Un tempo erano cumuli di vecchie riviste a tenerci compagnia nei momenti trascorsi nella privacy del nostro bagno, ora basta avere il cellulare a portata di mano per deliziarsi con video-ricette, leggere le ultime notizie, continuare a guardare la nostra serie TV preferita, tagliare la frutta un tagliere immaginario o collezionare monetine.

Lo facciamo tutti eppure, secondo gli esperti, avere il telefono in mano mentre si è seduti sul gabinetto è un’abitudine profondamente sbagliata. Questo perché il bagno è uno dei luoghi più ricchi di germi e batteri in assoluto.

Pavimenti, rubinetti, superfici di doccia e vasca e gabinetto ospitano colonie di batteri che possono facilmente migrare sul nostro smartphone attraverso le nostre mani sporche e accompagnarci in giro ben ancorati al nostro cellulare.

I batteri che prolificano in bagno provengono soprattutto dalle nostre feci e dalle nostre urine, ma anche dalla nostra bocca (quando ci laviamo i denti) e possono essere veicolo di malattie come salmonella, epatite, streptococco.

Uno studio condotto qualche anno fa sugli smartphone degli studenti delle scuole superiori ha evidenziato la presenza del batterio E. Coli e di altri batteri nocivi sulla superficie dei dispositivi, mentre un altro studio condotto nel Regno Unito ha dimostrato come lo schermo di uno smartphone sia solitamente più sporco della seduta di un gabinetto.

Oltre alla contaminazione batterica, c’è un altro rischio che si corre trascorrendo troppo tempo seduti sul gabinetto distratti dallo smartphone, come dimostrano i primi risultati raccolti in sperimentazioni cliniche: le emorroidi.

Il problema, in questo caso, non è nell’uso dello smartphone in sé ma nel trascorrere troppo tempo seduti sul gabinetto del bagno. Certamente portarsi dietro il cellulare e tutte le distrazioni rubatempo in esso contenute non è un incentivo a velocizzare le nostre operazioni.

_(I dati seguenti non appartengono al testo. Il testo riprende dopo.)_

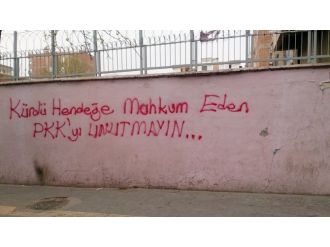 Vatadaşlar PKK’ya tepkilerini duvar yazılarına döktü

Come possiamo fare per scongiurare questi rischi? Semplice: teniamo il cellulare fuori dalla sala da bagno di casa e chiudiamolo bene in borsa o nello zaino se stiamo usando un bagno pubblico. In questo modo ridurremo al minimo gli effetti della contaminazione.

Inoltre, limitiamo al minimo la nostra permanenza in bagno, fino ad un massimo di un quarto d’ora: se abbiamo l’abitudine di distrarci, mettiamo un orologio in bagno e teniamolo d’occhio per vedere quanto tempo stiamo effettivamente trascorrendo seduti sul gabinetto.

Infine (lo ricordiamo ma dovrebbe essere scontato), laviamo accuratamente le mani con sapone e acqua corrente, per eliminare la maggior parte dei batteri fecali dalle mani e poter riprendere tutti i nostri oggetti – compreso lo smartphone – senza correre il rischio di una contaminazione.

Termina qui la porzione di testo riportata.